Печать того, что мы потеряли навсегда в самих себе, и чего нам уже никогда не
вернуть назад. Второй взгляд иного рода. Им мы постигаем лишенность
первоначальной полноты и невыносимую заброшенность. Лишь первый свет был мигом
благодарности, второй сразу же сделался мигом отчаяния. Греки, наверное,
обозначили б этот первый свет души и ума в качестве изумления, что на самом
деле не принципиально. Неважно, кто смотрит на мир в первый раз, и в этом
смысле смотрит на него как на впервые сотворенный, — Бог-творец,
трансцендентальный субъект или подлинное-во-мне, — он увидит единственно то,
«что это хорошо». За исключением уникальных, лишь изредка даруемых нам моментов
ясного и достоверного сознания, мы не способны видеть остаточный отблеск
первого света, лежащий на вещах печатью нашего первого — уже всегда для нас
безвозвратно потерянного — взгляда. Потерянного даже поэтом, не говоря о
философе. Однако мыслитель по странной интуиции Хайдеггера, быть может,
все-таки хранит если не сам благодарный взгляд на мир сущих вещей, то хотя бы
бередящее о нем воспоминание.

Кстати
говоря, подобный взгляд можно переистолковать и в терминах зова, заместив
аппарат зрения аппаратом слуха. Это будет более корректно по отношению к
Хайдеггеру, но, полагаю, не очень существенно, потому что в этом случае мы лишь
обнаружим две исключительные возможности инструментального развертывания одного
и того же первичного мирового расклада.
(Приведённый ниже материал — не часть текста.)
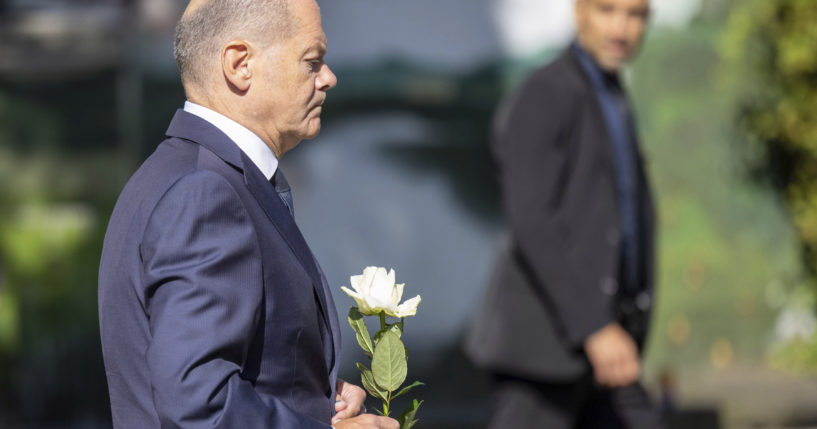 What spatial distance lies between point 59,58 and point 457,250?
2.53 metres

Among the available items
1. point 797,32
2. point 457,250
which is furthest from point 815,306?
point 457,250

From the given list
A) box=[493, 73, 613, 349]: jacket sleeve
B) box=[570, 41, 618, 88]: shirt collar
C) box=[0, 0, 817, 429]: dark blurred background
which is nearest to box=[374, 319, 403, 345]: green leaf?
box=[493, 73, 613, 349]: jacket sleeve

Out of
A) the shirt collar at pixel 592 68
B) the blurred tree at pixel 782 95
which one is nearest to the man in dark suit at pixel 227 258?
the shirt collar at pixel 592 68

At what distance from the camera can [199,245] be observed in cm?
183

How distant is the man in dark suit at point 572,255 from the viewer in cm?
399

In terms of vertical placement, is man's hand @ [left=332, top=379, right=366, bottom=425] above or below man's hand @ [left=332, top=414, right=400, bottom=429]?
below

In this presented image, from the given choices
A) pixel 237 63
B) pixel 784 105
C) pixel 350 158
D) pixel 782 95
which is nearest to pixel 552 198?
pixel 237 63

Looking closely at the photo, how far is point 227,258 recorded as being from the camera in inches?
72.5

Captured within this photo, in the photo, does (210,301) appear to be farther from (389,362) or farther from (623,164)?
(623,164)

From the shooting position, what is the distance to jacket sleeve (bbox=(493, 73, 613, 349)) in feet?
13.1

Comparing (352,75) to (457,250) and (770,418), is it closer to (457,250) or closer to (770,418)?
(457,250)

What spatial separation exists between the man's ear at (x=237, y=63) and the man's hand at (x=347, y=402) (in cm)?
61

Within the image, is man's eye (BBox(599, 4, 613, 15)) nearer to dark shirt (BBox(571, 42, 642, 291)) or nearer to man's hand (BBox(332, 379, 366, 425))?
dark shirt (BBox(571, 42, 642, 291))

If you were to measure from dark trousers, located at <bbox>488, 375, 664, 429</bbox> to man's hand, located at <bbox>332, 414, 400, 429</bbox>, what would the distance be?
2.06m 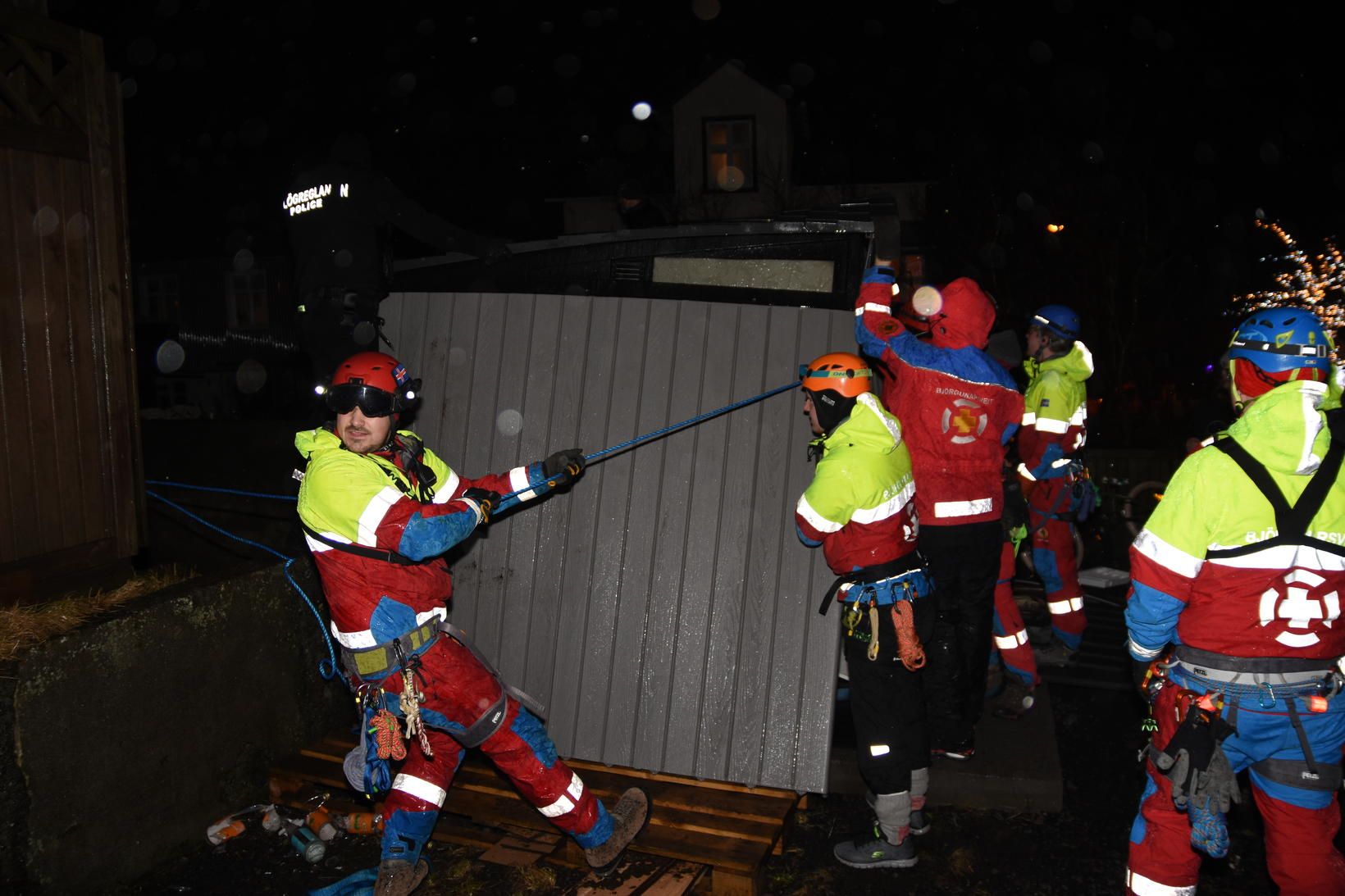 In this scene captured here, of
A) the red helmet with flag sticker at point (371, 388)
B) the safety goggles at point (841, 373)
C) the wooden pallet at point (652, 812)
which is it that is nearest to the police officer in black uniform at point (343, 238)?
the red helmet with flag sticker at point (371, 388)

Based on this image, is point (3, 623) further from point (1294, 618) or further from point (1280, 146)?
point (1280, 146)

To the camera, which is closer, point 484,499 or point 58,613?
point 484,499

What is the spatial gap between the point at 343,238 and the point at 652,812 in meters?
4.05

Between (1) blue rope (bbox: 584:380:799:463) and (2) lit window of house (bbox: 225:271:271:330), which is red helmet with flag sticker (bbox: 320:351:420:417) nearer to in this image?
(1) blue rope (bbox: 584:380:799:463)

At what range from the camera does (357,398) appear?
13.1 feet

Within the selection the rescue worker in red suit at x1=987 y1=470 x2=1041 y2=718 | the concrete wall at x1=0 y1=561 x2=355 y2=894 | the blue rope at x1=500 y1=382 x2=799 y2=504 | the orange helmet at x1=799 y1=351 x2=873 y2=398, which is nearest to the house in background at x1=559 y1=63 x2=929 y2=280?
the rescue worker in red suit at x1=987 y1=470 x2=1041 y2=718

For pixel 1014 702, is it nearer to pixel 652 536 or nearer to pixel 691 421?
pixel 652 536

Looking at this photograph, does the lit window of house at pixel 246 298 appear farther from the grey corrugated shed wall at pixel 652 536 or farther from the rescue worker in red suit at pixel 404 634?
the rescue worker in red suit at pixel 404 634

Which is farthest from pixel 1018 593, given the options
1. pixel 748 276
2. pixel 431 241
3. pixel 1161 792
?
pixel 431 241

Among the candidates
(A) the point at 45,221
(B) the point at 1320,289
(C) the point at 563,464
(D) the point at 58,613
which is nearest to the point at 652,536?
(C) the point at 563,464

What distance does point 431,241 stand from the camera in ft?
20.7

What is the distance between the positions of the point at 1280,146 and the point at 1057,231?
Result: 176 inches

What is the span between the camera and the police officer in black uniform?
595 cm

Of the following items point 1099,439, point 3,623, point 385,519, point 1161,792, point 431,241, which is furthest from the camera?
point 1099,439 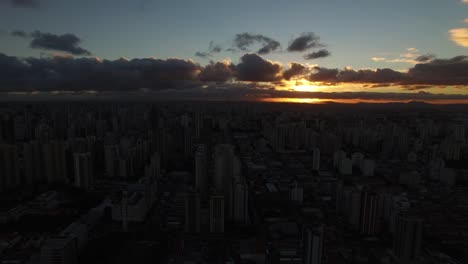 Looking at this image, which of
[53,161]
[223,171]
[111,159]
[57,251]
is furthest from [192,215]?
[53,161]

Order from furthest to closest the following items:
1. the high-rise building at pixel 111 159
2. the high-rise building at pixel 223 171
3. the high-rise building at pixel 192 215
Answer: the high-rise building at pixel 111 159 < the high-rise building at pixel 223 171 < the high-rise building at pixel 192 215

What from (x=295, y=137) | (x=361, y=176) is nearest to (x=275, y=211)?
(x=361, y=176)

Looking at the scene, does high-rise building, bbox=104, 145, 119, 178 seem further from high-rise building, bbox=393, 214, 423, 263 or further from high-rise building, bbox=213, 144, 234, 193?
high-rise building, bbox=393, 214, 423, 263

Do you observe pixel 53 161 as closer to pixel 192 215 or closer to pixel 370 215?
pixel 192 215

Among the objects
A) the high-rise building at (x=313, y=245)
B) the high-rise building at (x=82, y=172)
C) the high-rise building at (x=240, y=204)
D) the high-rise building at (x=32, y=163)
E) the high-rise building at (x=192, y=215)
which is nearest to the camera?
the high-rise building at (x=313, y=245)

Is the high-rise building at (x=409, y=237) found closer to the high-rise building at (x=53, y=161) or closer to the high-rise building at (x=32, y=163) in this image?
the high-rise building at (x=53, y=161)

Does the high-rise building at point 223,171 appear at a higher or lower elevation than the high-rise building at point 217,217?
higher

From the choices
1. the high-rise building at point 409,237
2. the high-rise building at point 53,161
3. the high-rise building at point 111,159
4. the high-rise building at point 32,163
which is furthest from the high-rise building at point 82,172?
the high-rise building at point 409,237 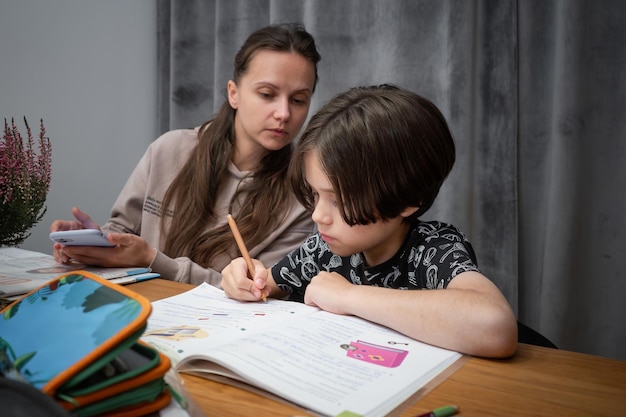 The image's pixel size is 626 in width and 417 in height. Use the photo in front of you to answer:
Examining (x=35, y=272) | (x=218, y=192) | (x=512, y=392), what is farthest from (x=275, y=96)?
(x=512, y=392)

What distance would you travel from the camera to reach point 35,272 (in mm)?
1079

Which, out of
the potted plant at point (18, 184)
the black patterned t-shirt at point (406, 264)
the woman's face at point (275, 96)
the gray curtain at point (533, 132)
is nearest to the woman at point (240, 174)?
the woman's face at point (275, 96)

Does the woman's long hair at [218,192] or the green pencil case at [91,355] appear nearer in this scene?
the green pencil case at [91,355]

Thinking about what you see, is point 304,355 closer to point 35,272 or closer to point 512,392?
point 512,392

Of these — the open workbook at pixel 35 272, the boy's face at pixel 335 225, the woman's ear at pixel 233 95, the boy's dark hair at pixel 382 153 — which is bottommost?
the open workbook at pixel 35 272

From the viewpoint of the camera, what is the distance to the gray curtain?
1530 mm

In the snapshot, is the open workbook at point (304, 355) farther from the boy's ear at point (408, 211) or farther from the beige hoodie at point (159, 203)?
the beige hoodie at point (159, 203)

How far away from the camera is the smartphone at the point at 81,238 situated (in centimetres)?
104

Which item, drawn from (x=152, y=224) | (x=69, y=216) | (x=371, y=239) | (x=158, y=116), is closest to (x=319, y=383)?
(x=371, y=239)

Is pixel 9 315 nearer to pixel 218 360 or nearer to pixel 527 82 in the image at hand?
pixel 218 360

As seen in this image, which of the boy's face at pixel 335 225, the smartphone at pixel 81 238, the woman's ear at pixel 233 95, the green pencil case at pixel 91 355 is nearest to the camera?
the green pencil case at pixel 91 355

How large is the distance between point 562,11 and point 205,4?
1.38 meters

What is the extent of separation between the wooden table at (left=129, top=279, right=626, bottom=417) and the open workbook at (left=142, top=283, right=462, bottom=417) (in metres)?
0.02

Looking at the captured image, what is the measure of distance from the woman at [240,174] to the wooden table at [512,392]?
0.77 meters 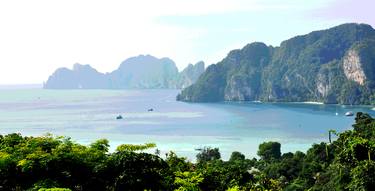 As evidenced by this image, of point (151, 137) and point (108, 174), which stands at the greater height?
point (108, 174)

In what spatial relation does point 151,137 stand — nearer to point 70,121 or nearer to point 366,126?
point 70,121

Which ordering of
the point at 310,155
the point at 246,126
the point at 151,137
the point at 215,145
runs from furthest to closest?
the point at 246,126 < the point at 151,137 < the point at 215,145 < the point at 310,155

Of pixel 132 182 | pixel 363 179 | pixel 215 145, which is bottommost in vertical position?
pixel 215 145

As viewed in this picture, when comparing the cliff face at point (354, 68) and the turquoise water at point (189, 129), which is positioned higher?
the cliff face at point (354, 68)

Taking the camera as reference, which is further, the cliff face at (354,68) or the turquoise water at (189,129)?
the cliff face at (354,68)

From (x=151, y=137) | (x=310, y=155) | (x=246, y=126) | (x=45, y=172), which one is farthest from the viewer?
(x=246, y=126)

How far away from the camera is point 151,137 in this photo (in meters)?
90.1

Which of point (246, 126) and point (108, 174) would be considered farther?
point (246, 126)

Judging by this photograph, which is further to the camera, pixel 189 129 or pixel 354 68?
pixel 354 68

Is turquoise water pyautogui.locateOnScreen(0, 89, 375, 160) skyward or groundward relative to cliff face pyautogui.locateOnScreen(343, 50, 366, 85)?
groundward

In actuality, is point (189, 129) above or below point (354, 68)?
below

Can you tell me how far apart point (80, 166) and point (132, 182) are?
1.76 m

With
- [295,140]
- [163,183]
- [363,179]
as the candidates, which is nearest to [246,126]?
[295,140]

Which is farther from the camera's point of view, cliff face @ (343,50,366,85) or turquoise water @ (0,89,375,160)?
cliff face @ (343,50,366,85) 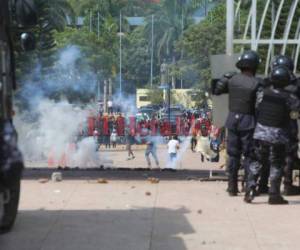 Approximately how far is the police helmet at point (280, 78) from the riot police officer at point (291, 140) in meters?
0.12

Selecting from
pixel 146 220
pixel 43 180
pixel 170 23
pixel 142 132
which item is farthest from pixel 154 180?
pixel 170 23

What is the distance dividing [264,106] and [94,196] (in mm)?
2402

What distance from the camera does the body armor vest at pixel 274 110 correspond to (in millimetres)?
8852

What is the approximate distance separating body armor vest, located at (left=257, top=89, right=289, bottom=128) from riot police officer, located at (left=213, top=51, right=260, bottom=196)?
414 millimetres

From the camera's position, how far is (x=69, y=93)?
35.8 meters

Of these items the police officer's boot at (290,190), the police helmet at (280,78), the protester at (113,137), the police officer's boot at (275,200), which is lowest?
the protester at (113,137)

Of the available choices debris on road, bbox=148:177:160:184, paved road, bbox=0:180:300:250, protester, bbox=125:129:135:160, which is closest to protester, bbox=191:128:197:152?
protester, bbox=125:129:135:160

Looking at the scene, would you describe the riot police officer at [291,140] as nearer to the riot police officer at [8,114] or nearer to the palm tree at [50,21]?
the riot police officer at [8,114]

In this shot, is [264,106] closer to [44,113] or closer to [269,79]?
[269,79]

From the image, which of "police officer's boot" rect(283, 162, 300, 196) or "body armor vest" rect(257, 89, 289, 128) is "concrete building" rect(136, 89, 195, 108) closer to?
"police officer's boot" rect(283, 162, 300, 196)

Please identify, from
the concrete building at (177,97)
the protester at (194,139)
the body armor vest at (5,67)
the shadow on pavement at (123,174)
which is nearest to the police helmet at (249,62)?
the shadow on pavement at (123,174)

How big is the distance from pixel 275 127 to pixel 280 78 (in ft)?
1.87

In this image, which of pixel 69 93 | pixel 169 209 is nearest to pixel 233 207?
pixel 169 209

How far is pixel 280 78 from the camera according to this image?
8781mm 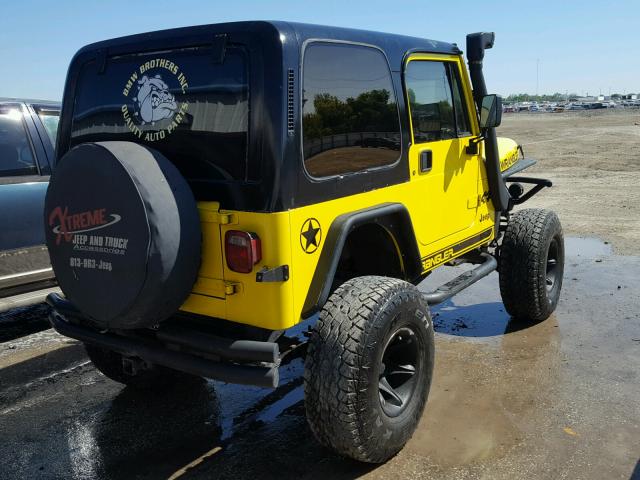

Пускай мы станем говорить не о печати
первого света, а о «перезвоне тишины» и о тех, кто, внемля ему, «причастен
приходу дальней милости». Речь пойдет все о том же самом, — о свете Древней
Греции, спрятанном в дебрях Шварцвальда, о шварцвальдских проселках,
перекочевавших на улочки Латинского квартала, об этих улочках, изредка

встречающихся
в городе Санкт-Петербурге. В действительности о том, что именуется «длинной
цепью истока», к которой в первую очередь уместна именно благодарность, и ни
что иное. Надо только уметь распахнуть глаза и уши. Видеть и слышать. Видеть
уже ни для кого незримое и слышать уже для всех умолкшее. Что, впрочем, никогда
никуда не исчезает, поскольку никогда ниоткуда и не возникало. Здесь мы
исподволь приблизились к границе всякого развернутого дискурса; напротив,
образовалась своеобразная воронка, проглатывающая любую речь и заставляющая
язык — этот большей частью пустующий «дом бытия» — закрыть двери на все замки и
накрепко захлопнуть ставни на окнах. Собственное высказывание, произносимое
мыслителем от своего особенного лица, купировано. Оно присутствует как
многозначительное молчание или чисто графическая операция в пределах
высказываний то ли философа, то ли поэта, отсылая попеременно то к одному, то к
другому. Выражаясь в манере Делеза, оно резонирует в качестве парадоксального
элемента между двумя гетерогенными сериями, — между речью философской и речью
поэтической. То, что «слова мышления» оказываются лишь «косвенной уликой»
работы, проделываемой мыслителем в запертом изнутри «доме бытия», заставляет
Хайдеггера говорить о том, что никто не мыслит, да и мыслил ли когда-либо? —
быть может, лет через триста мышление найдет себе слова и мыслитель покажется
на пороге «дома бытия». Убеждает ли этот радикальный вывод из обдумывания
онтологической дифференции и факта забвения бытия? Не претендуя на
окончательный вердикт, я только хочу заметить, что происходит странная вещь, —
мыслитель, отыскивая слово для бытия и отправляясь за ним за тридевять земель в
царство языка, внезапно оказывается там в плену. Любопытно, неужели навсегда?
Список литературы

 [1] Heidegger M. Gesamtausgabe. Frankfurt am
Main, 1983. Bd. 13. S. 33.

[2] Ibid. Ortschaft. S. 223.

[3]
Кржижановский С. Воспоминания о будущем. М., 1989. С. 395.